Tuning magnetic properties for better data storage

(Nanowerk News) The ever-increasing amounts of electronic data that we generate in our personal and professional lives require new storage technologies that can fit lots of data into small physical spaces. The most promising solutions include solid-state redox devices, which work by controlling the magnetic properties of materials.
By carefully adjusting the chemical composition of ferromagnetic thin films, researchers succeeded in tuning reversible magnetic properties, which can be applied to next-generation high density data storage enabling low power consumption ("In situ tuning of magnetization and magnetoresistance in Fe3O4 thin film achieved with all-solid-state redox device").
Schematic showing the chemical basis for a novel redox device that has been made by WPI-MANA researchers. The electrical and magnetic properties of the device can be adjusted and reversed by adding or removing lithium ions (LI+) from a layer of magnetite (Fe3O4).
Now, Tsuchiya, Terabe, and Aono at the International Center for Materials Nanoarchitectonics, NIMS and co-workers have developed a new solid-state device in which several magnetic and electrical properties can be changed and reversed by inserting and removing ions.
The team believes that their device could pave the way for spintronics — novel devices that exploit not only the charges on electrons but also the intrinsic angular momentum, or spin, that is predicted by quantum mechanics.
The new device contains a thin film made from the iron oxide magnetite (Fe3O4) next to a layer of lithium silicate.
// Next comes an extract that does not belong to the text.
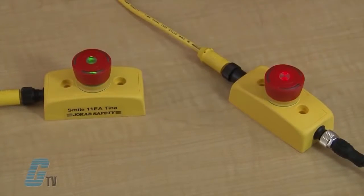ABB Jokab Safety also has Smile Tina emergency stops that are often used with dynamic safety circuits, fulfilling safety category 4. The Smile Tina has similar LED indicating lights with an additional feature of a flashing red and green light to indicate that an e-stop earlier in the circuit has been pressed.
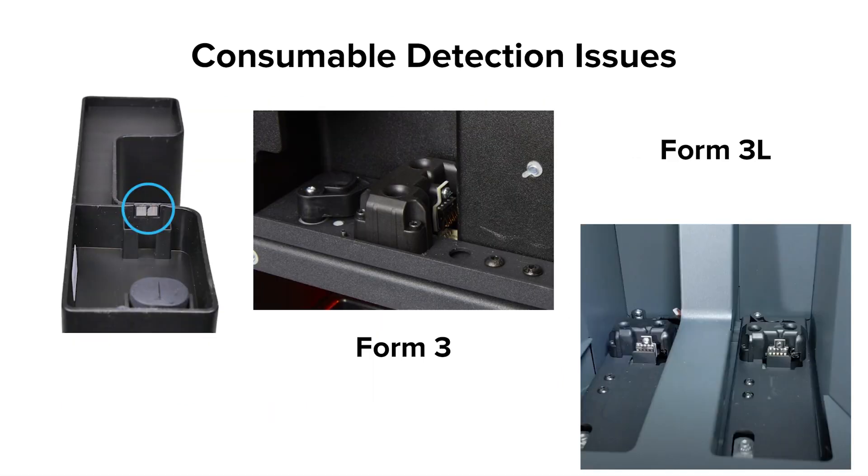Resin cartridge detection is the same on both the Form 3 and Form 3L. Just like the Form 3 Resin Tank, the Resin Cartridge uses a chip that connects with spring fingers. If a Resin Cartridge will not detect, cleaning the chip and spring fingers with IPA can sometimes help. Check for repeatability of the issue and contact Formlabs support if you cannot get a Resin Cartridge to detect.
Magnetite holds particular interest for spintronics, because it is predicted to be a half-metal, meaning that it conducts only electrons of one particular spin state.
When the researchers apply voltages across certain parts of their device, they can insert or remove lithium ions into the magnetite, thereby changing the electrical conductivity, magnetization, and magnetoresistance (the dependence of electrical resistance on an external magnetic field) of the thin film.
Source: National Institute for Materials Science